- **THE TASK**:
Output the lines of the records from the one containing "Вакансии администратор на" through the last, both ends included. Leave pictures out.
★ ★ ★ ★
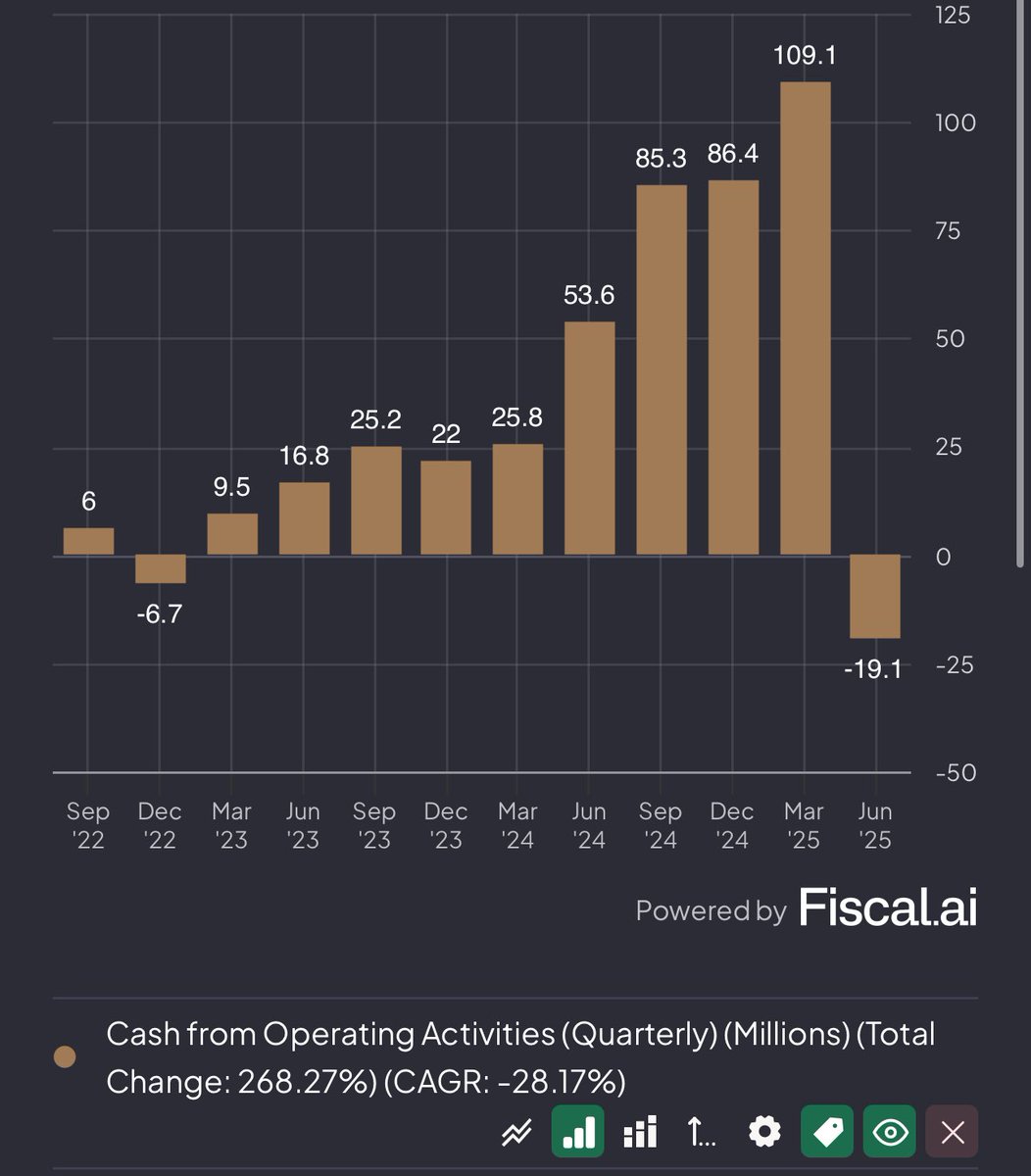 fallingknife tweet media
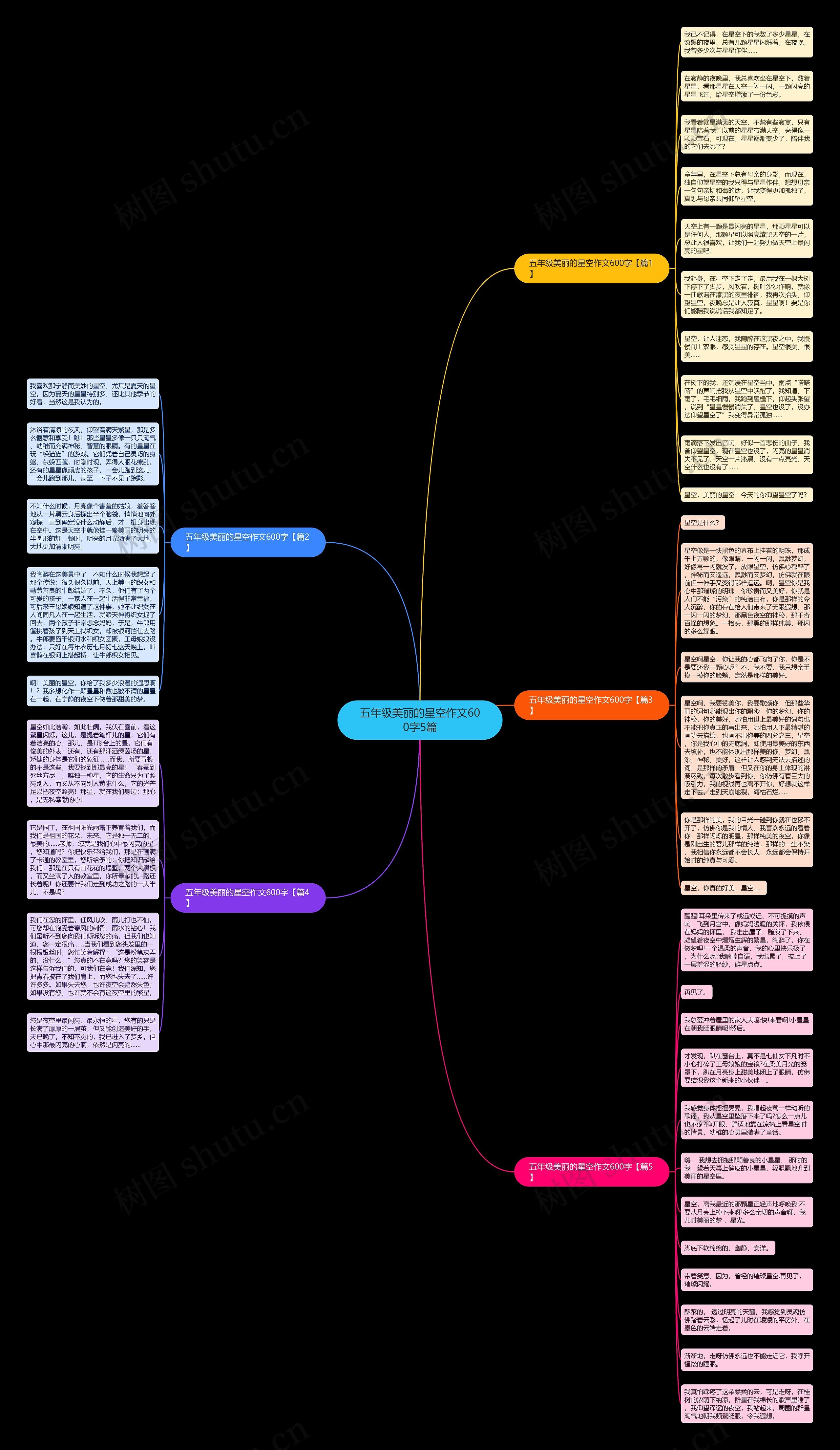 五年级美丽的星空作文600字5篇思维导图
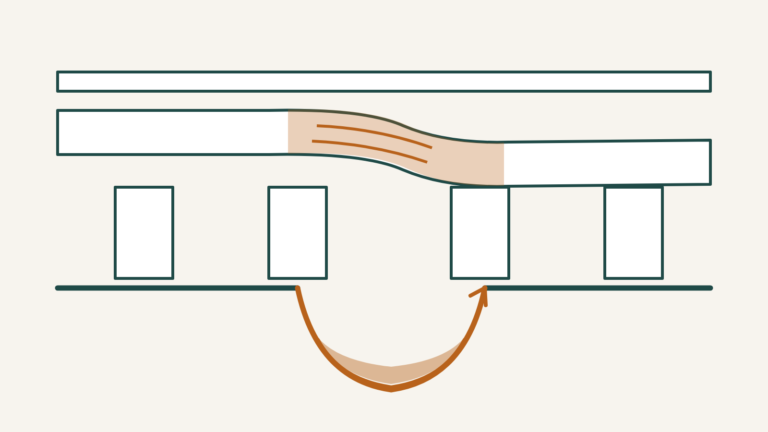 Cross-section of a soft spot in a mobile home floor with swollen decking above a torn bottom board holding water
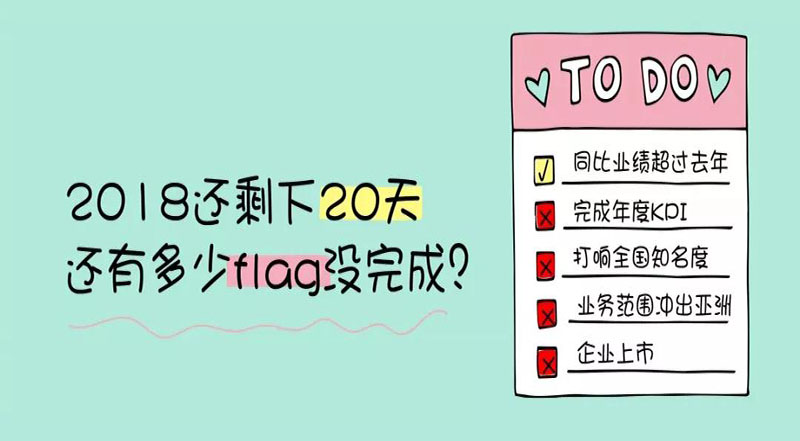 年底倒計時 丨 你還有多少產品沒賣出去？！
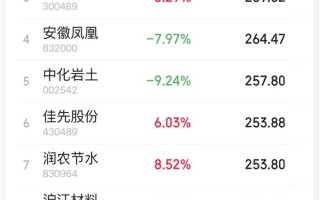 低价股也有春天：2元股仅剩25个，逾百只20日翻倍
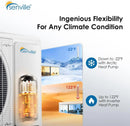 Senville AURA 12,000 BTU Single Zone Ductless Mini Split - 230V - 25.4 SEER2 - Energy Star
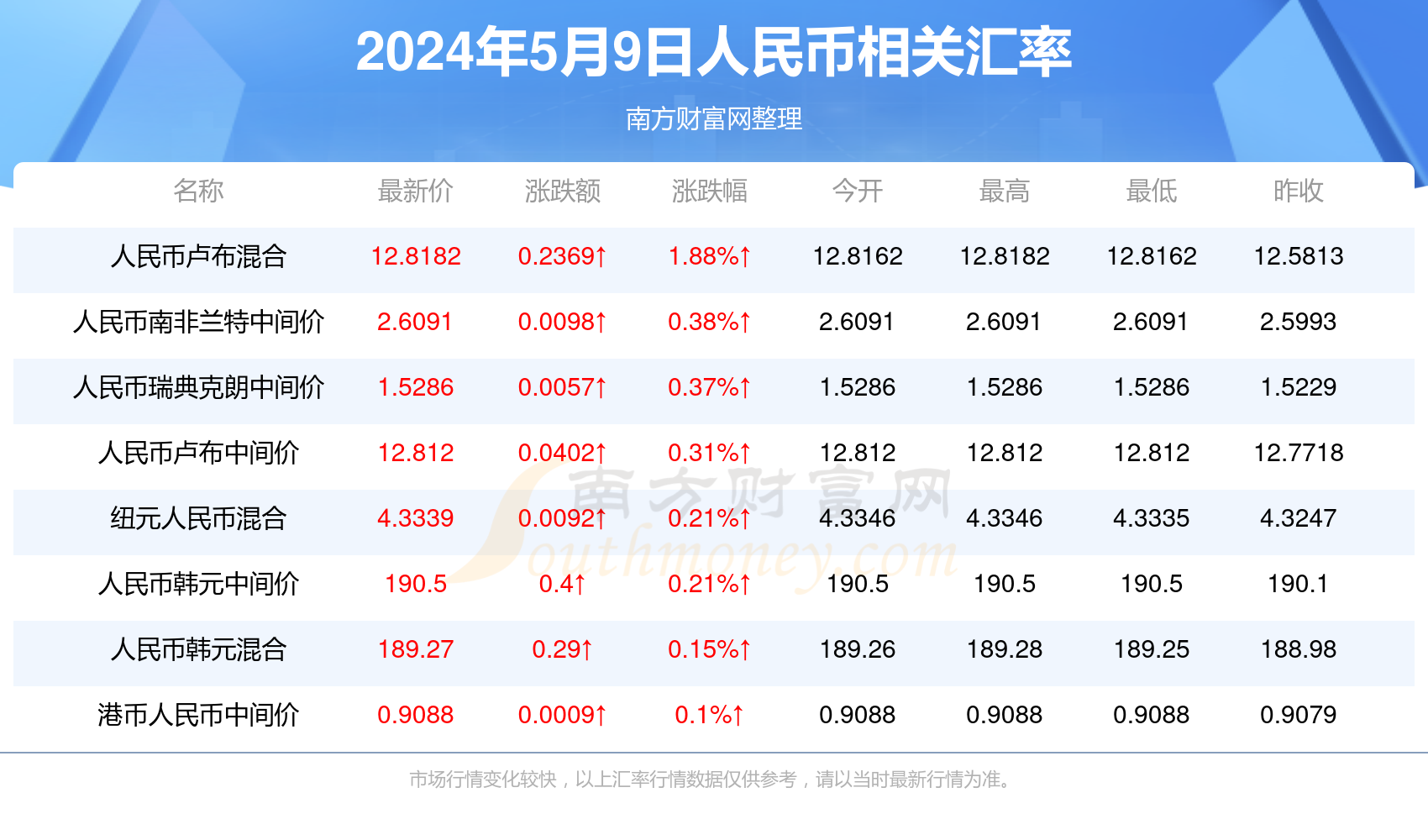 新澳门开奖结果2024开奖记录,社会责任方案执行_app88.869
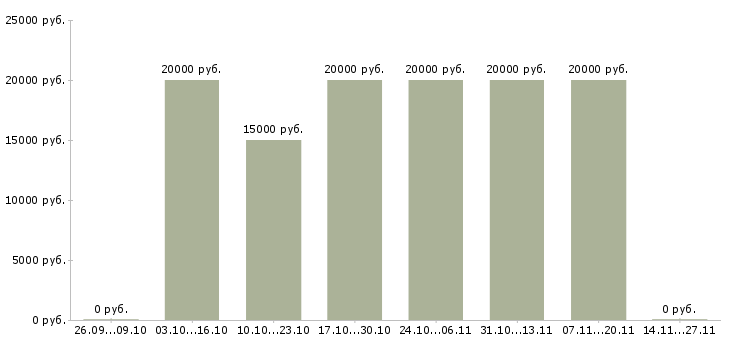 Вакансии администратор на совмещение Йошкар-ола - Медиана зарплат администратор на совмещение Йошкар-ола за 2 месяца
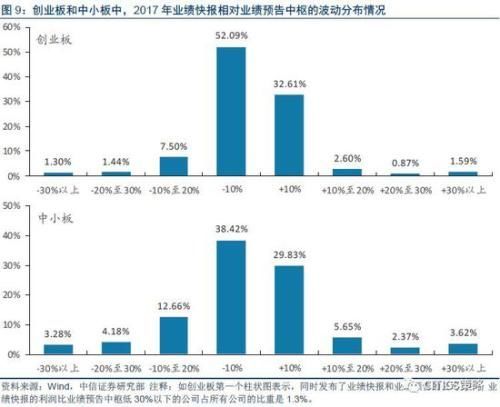 中信策略:3月建议细选主线看短做短 业绩为王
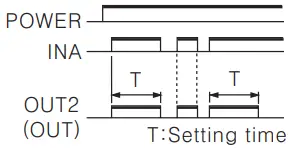 Autonics CT6Y Ebike Display Cash Counter - Figure 35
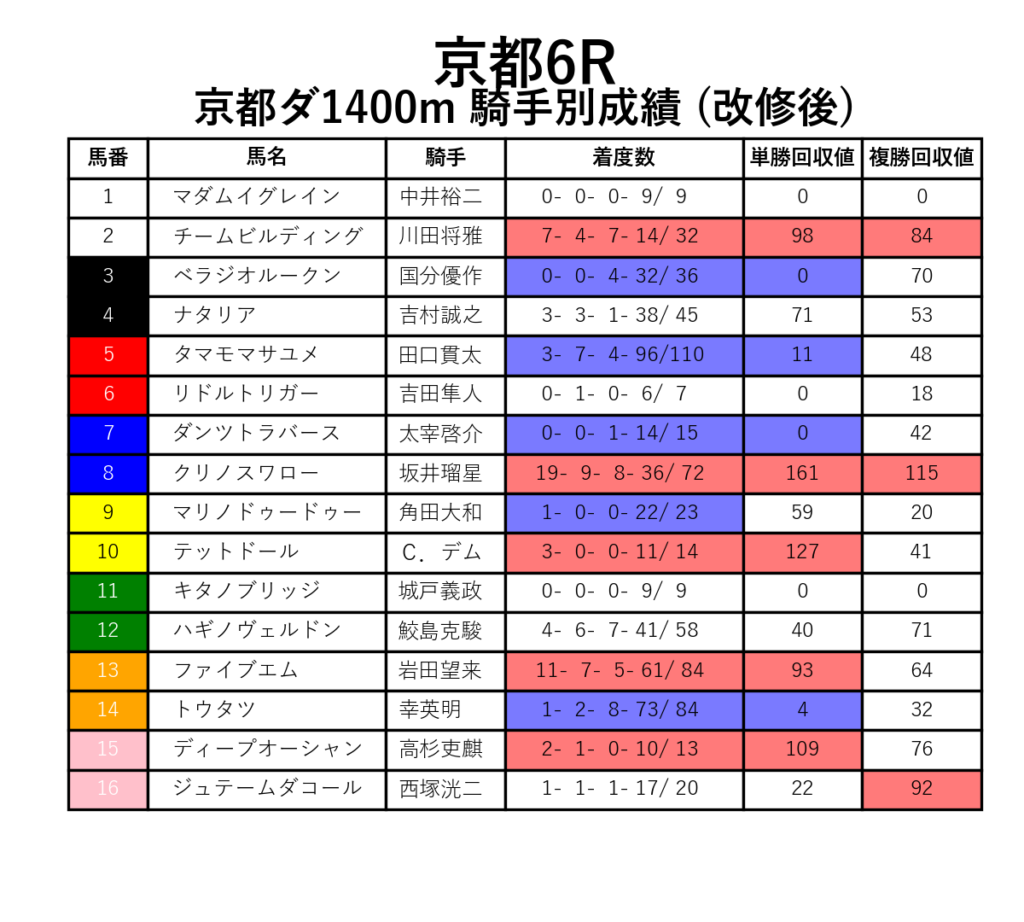 京都6R_ダ1400m_騎手別成績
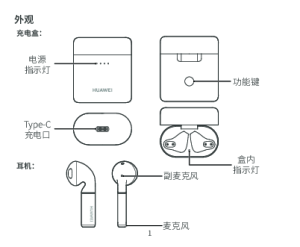 缩略图预览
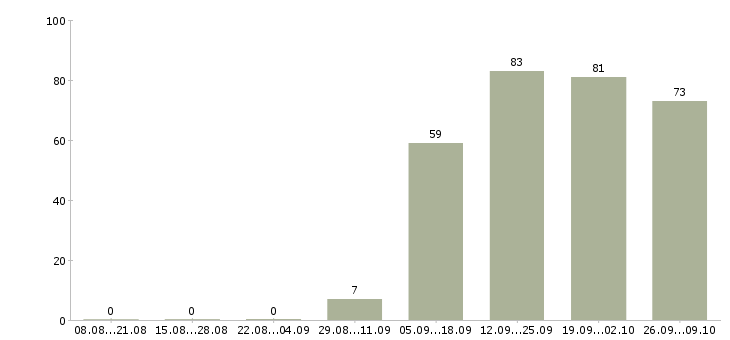 Работа менеджер по продажам в офисе Хакасия - Число вакансий Хакасия по специальности менеджер по продажам в офисе за 2 месяца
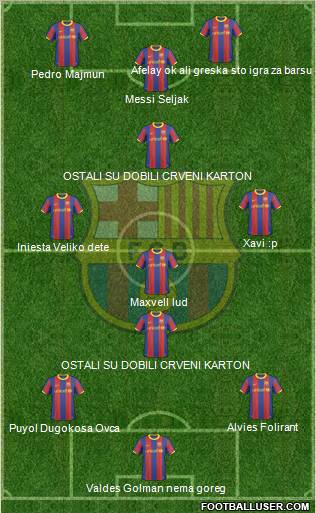 F.C. Barcelona Formation 2011
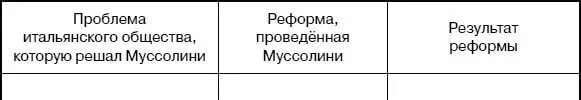 Режим муссолини таблица. Римская империя муссолини. Реформы фашистского режима муссолини. Зарождение нацизма. Режим муссолини таблица.
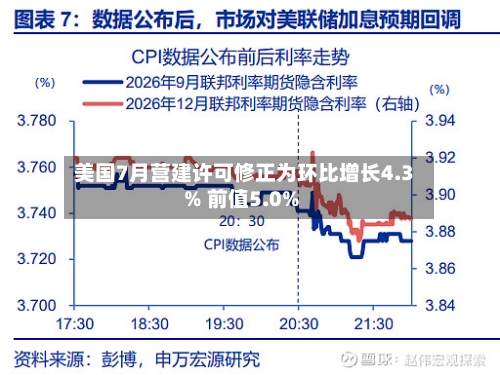 美国7月营建许可修正为环比增长4.3% 前值5.0%
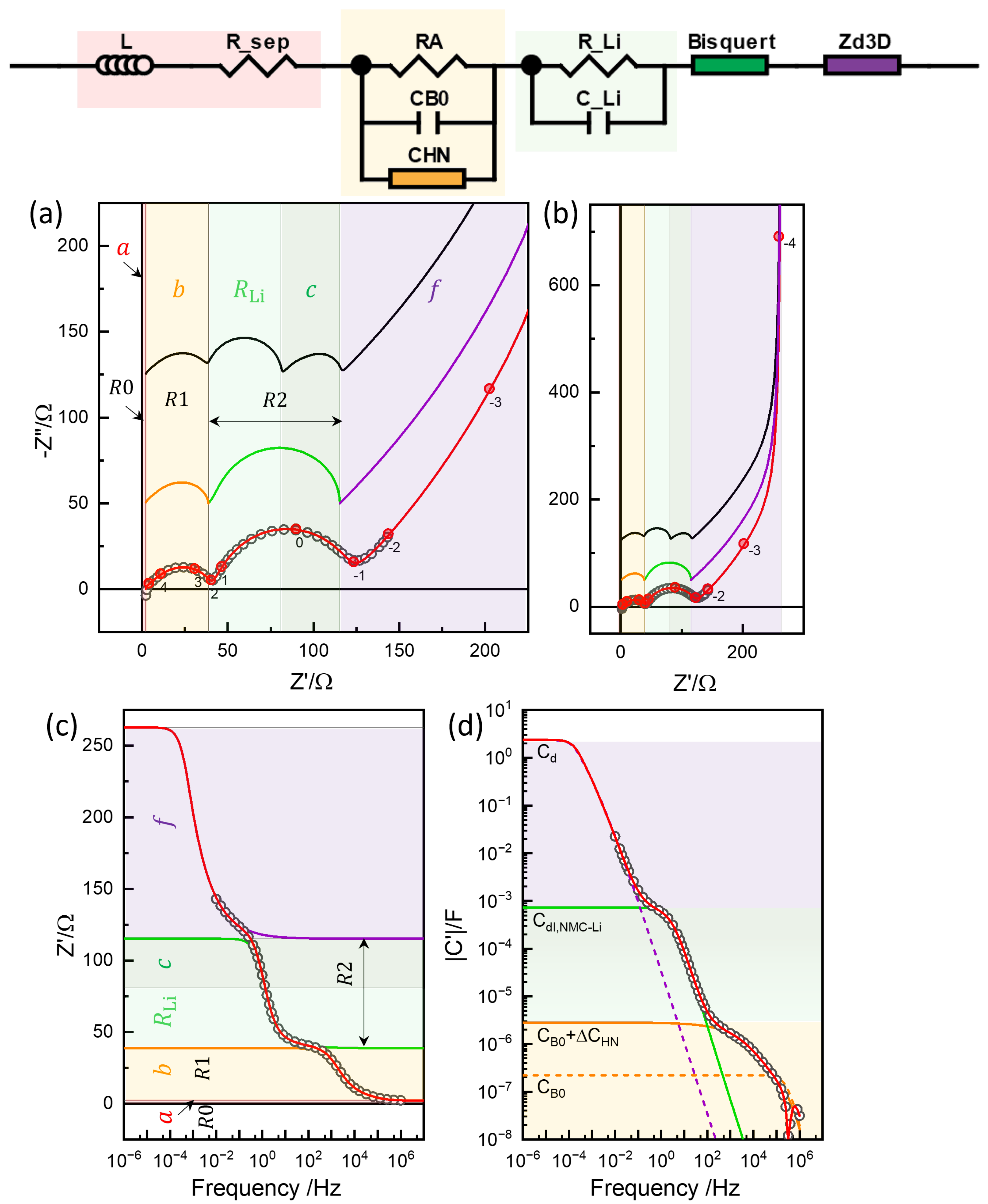 Batteries 11 00234 g015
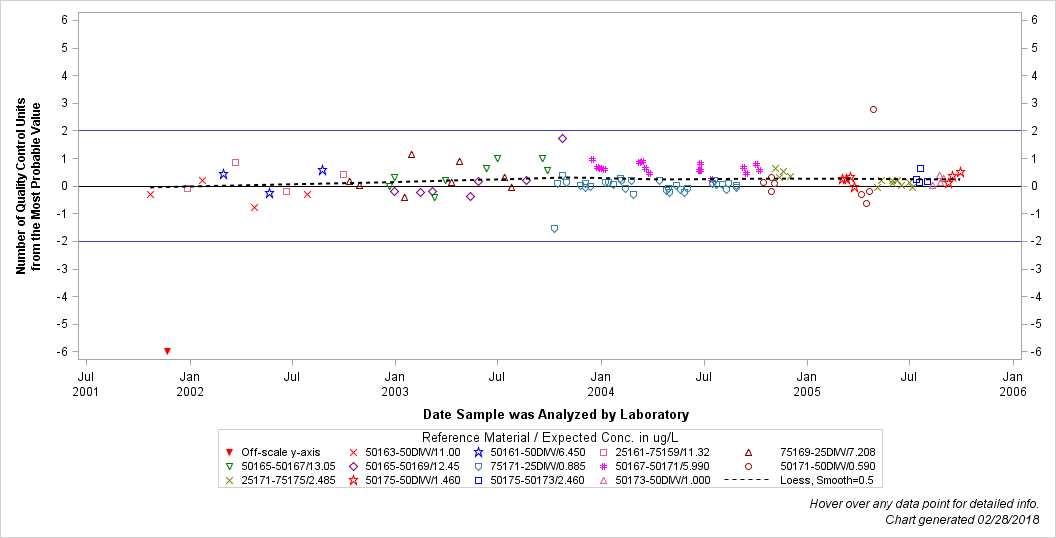 The SGPlot Procedure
★ ★ ★ ★
- **RESULT BELOW**:
 Вакансии администратор на совмещение Йошкар-ола - Медиана зарплат администратор на совмещение Йошкар-ола за 2 месяца
 中信策略:3月建议细选主线看短做短 业绩为王
 Autonics CT6Y Ebike Display Cash Counter - Figure 35
 京都6R_ダ1400m_騎手別成績
 缩略图预览
 Работа менеджер по продажам в офисе Хакасия - Число вакансий Хакасия по специальности менеджер по продажам в офисе за 2 месяца
 F.C. Barcelona Formation 2011
 Режим муссолини таблица. Римская империя муссолини. Реформы фашистского режима муссолини. Зарождение нацизма. Режим муссолини таблица.
 美国7月营建许可修正为环比增长4.3% 前值5.0%
 Batteries 11 00234 g015
 The SGPlot Procedure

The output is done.